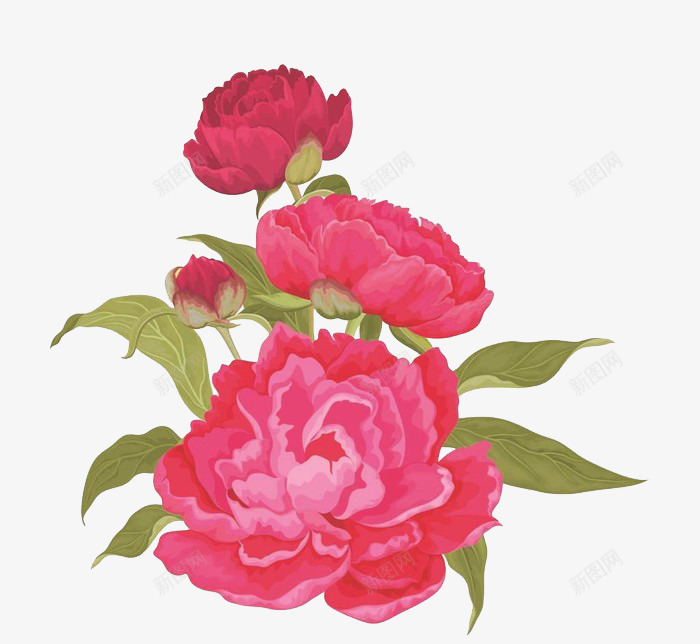 红色牡丹花png免抠素材_新图网 https://ixintu.com 牡丹花 粉色 红色 花朵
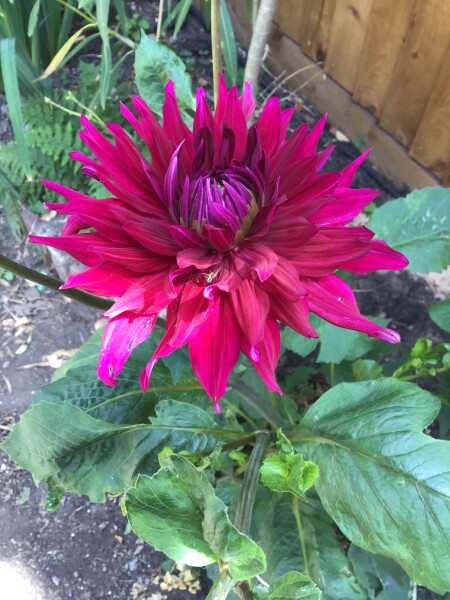 Who’s growing Dahlias this year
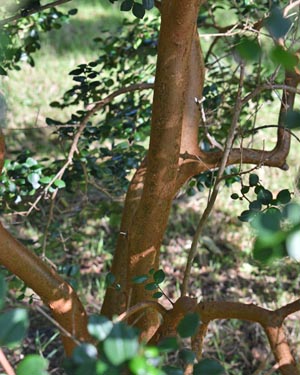 Luma apiculata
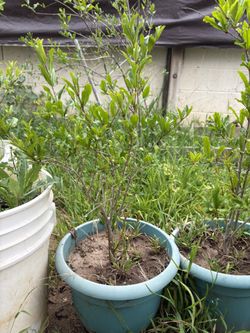 Pomegranate, Fig And Loquat Trees For Sale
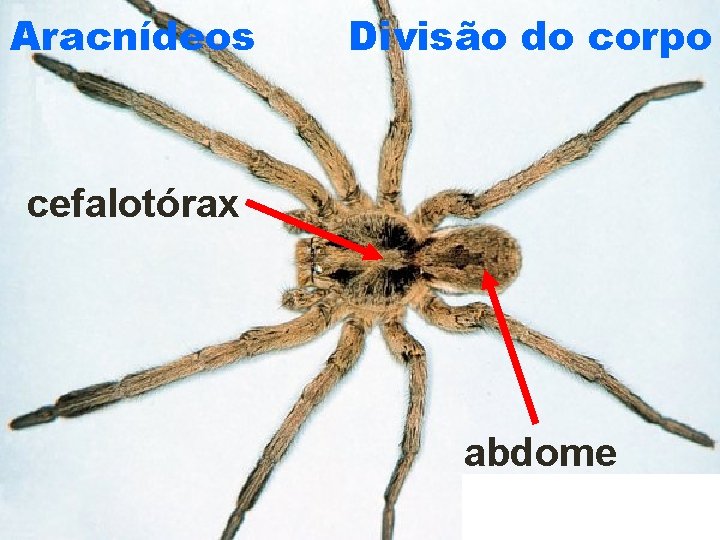 Aracnídeos Divisão do corpo cefalotórax abdome 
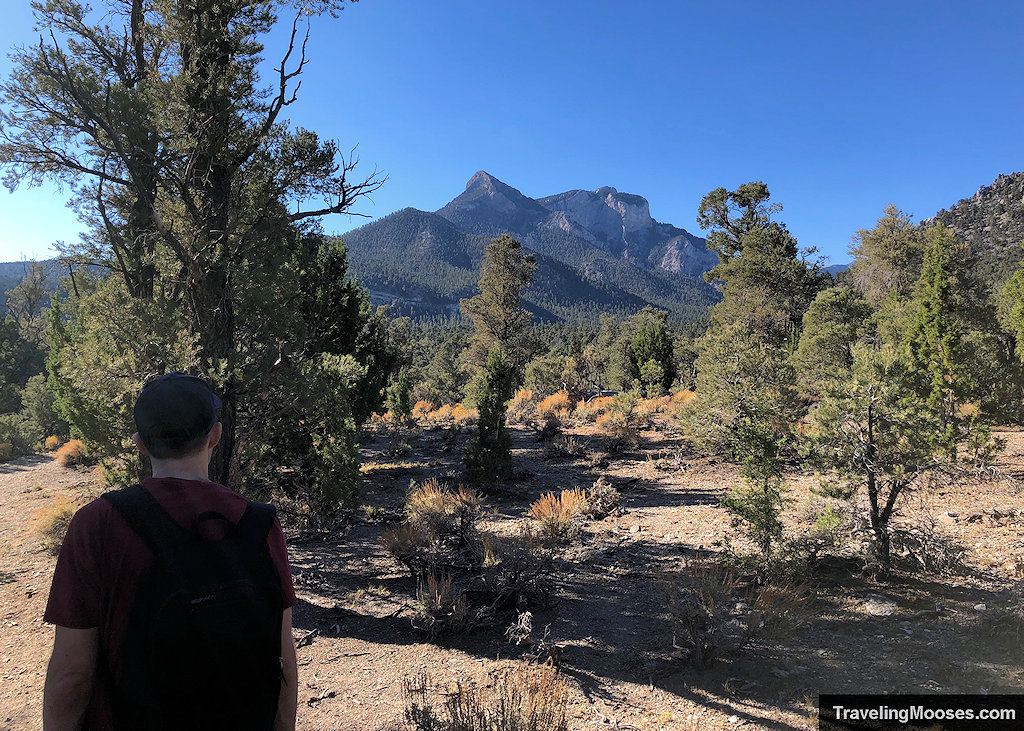Enjoying Sawmill Loop Trail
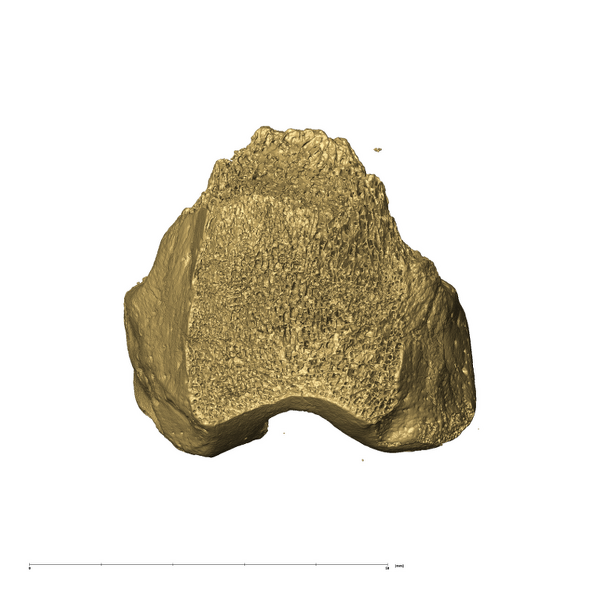 TM3601 Felidae right femur ventral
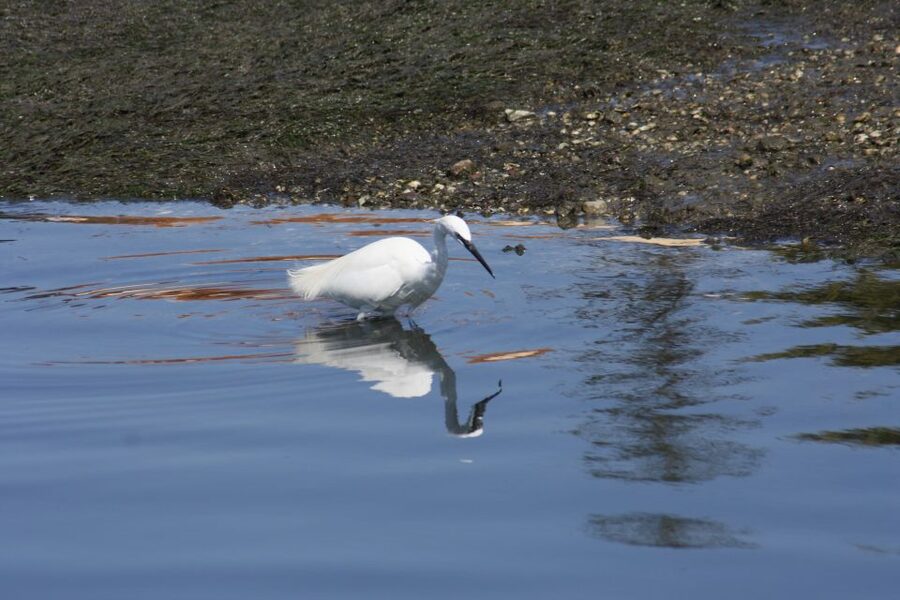 Faro: Eco-Friendly Ria Formosa Bird Watching in Solar Boat - The guided hour in Parque Natural da Ria Formosa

————————

• **REQUIREMENT**
From the line containing "TM3601 Felidae right femur ventral" down to the end of the listing above, every line is to be returned exactly, though the pictures are not.

• **EXPECTED ANSWER**
 TM3601 Felidae right femur ventral
 Faro: Eco-Friendly Ria Formosa Bird Watching in Solar Boat - The guided hour in Parque Natural da Ria Formosa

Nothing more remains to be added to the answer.